/ BLOGGING, SED, AWK, LINUX, SOFTWARE

Finding Missing Images

As part of my blog migration, I discovered one of my images wasn’t showing because it had the wrong case myimage.png vs MyImage.png. This is how I checked what other images were named wrong or missing.

My strategy is to:

  1. Get the list of images I have
  2. Find all the image referenced in the blog
  3. Alert where the reference name <> an actual name

Getting the list of images

This is really easy

ls /images > images_list.csv

Getting the images refereced

This is a bit trickier because I have to look inside the files. grep seems like a good way to do this.

grep -Er '/images/(.+)' _posts > referenced_images.csv

head referenced_images.csv
_posts/2014-07-31-what-version-of-php-am-i-running.md:cover: assets/images/phpapache.jpg
_posts/2011-02-17-a-tour-of-jmeter-part-1.md:  You should now have two elements. ![Record1](/assets/images/Record1.png)
_posts/2011-02-17-a-tour-of-jmeter-part-1.md:  JMeter now has your actions recorded ![Record2](/assets/images/Record2.png)

I don’t need all the info returned. ow do I just get the image name part.

looking at man grep the options -o -h look promising.

 -o, --only-matching
              Print only the matched (non-empty) parts of a matching line, with each such part on a  separate  output
              line.

 -h, --no-filename
              Suppress  the  prefixing  of file names on output.  This is the default when there is only one file (or
              only standard input) to search.
grep -Eroh '/images/(.+)' _posts > referenced_images.csv

head referenced_images.csv
/images/phpapache.jpg
/images/Record1.png)
/images/Record2.png)
/images/SBCLOptions.Png)

I’d like to just get the image name though.
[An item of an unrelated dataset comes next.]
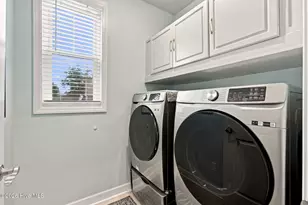 604 Sanctuary Point SW, Supply, NC 28462 - Photo 21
Pearl has a look-around assertion syntax which will check for things before or after the pattern match.

# Find a word between foo and bar
grep -oP '(?<=foo )\w+(?= bar)' test.txt

# Shortcut for the same query
grep -oP 'foo \K\w+(?= bar)' test.txt

I can modify my query to drop everything before the \K.

grep -rPoh '/images/\K.+(png|jpe?g|gif)' _posts > referenced_images.csv
head referenced_images.csv
phpapache.jpg
Record1.png
Record2.png

Nice, now I just need to loop over each one in the reference and see if there is a match in the actualls.

Finding the outlyers

I’m sure there is an easier way to do this.

while read l; do echo -n "$l "; grep -c $l image_list.csv; done < referenced_images.csv  > results.csv

head results.csv
phpapache.jpg,1
Record1.png,0
Record2.png,0
trainingvalidation

cat results.csv | grep ' 0' | awk '{print $1}'  > missing_images

head missing_images
Record1.png,0
Record2.png,0
CropperCapture88.png,0

Now I have my list but don’t know if it’s just missing or has a case of bad formatting.


awk '{print $1;}' missing_images

while read l; do echo -n $l,; grep -ic $l image_list.csv; done < missing_images > wrong_case.csv

head
Record1.png,1
Record2.png,1
CropperCapture%5B12%5D.png,0

# 1 means it's named wrong
# 0 means it's not in the image list

References

  • Can I grep out a group match https://unix.stackexchange.com/questions/13466/can-grep-output-only-specified-groupings-that-match
  • Basic Grep info https://linuxize.com/post/regular-expressions-in-grep/